War of Attrition

August 7, 1970

Egypt and Israel sign a cease-fire to end the War of Attrition.

After the June 1967 war, relations between Israel and its enemies Egypt and Jordan remained tenuous. Egyptian President Gamal Abdel Nasser had suffered an embarrassing defeat, leaving his military crippled and his country without the Sinai Peninsula. Jordan had suffered a similarly devastating loss as Israel took control of the West Bank and left the Jordanian army weakened.

Despite the cease-fire signed June 11, 1967, to end the Six-Day War, fighting between Israel and these two countries continued.  Jordan was also home to the PLO, led by Yasser Arafat, which planned and executed attacks against Israel.

The initial stages of the War of Attrition included small skirmishes and mortar attacks again Israel until Nasser made an official call to war March 8, 1969. Egypt then began large-scale shelling of Israeli positions along the Suez Canal, and commando raids and aerial warfare commenced. The Soviet Union supplied Nasser with arms. A critical turning point occurred July 30, 1970, when Israeli aircraft shot down five Soviet-piloted MiG-21s.

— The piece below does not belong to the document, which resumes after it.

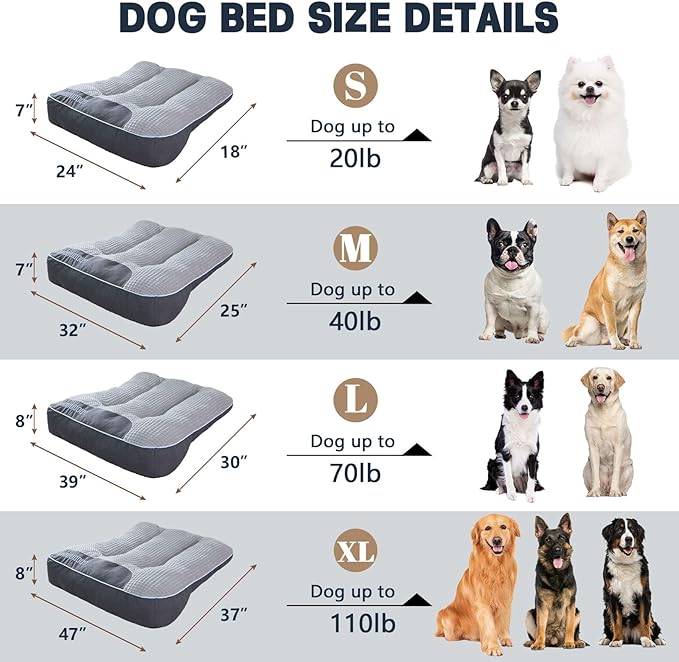 Small Dog Bed 24" x 18" for Small Dogs & Indoor Cats, Washable Calming Pet Bed with Soft Plush Cushion, Non-Slip Bottom, Cozy Puppy & Kitten Bed for Cats and Small Pets, Grey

Israel feared that the air victories would broaden the conflict by creating a larger confrontation with Moscow, but the Soviet Union backed down.

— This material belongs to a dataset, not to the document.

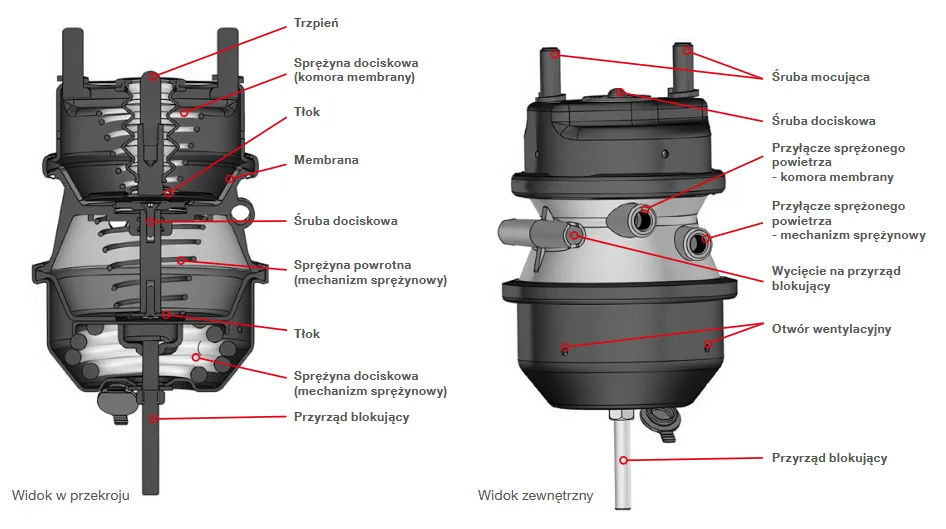 Siłownik hamulcowy naczepy budowa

Despite the Soviet munitions, the Egyptian air force and army performed poorly and could not weaken Israeli positions in the Sinai or along the Suez Canal. On the Jordanian front, the PLO’s attacks remained minor.

The Jordanian regime eventually tires of being dragged into unwanted violence with Israel by the PLO. Jordan takes action against the Palestinian militants, culminating in a 1970 massacre of Palestinians referred to as Black September.

Nasser dies of a heart attack two months after the cease-fire.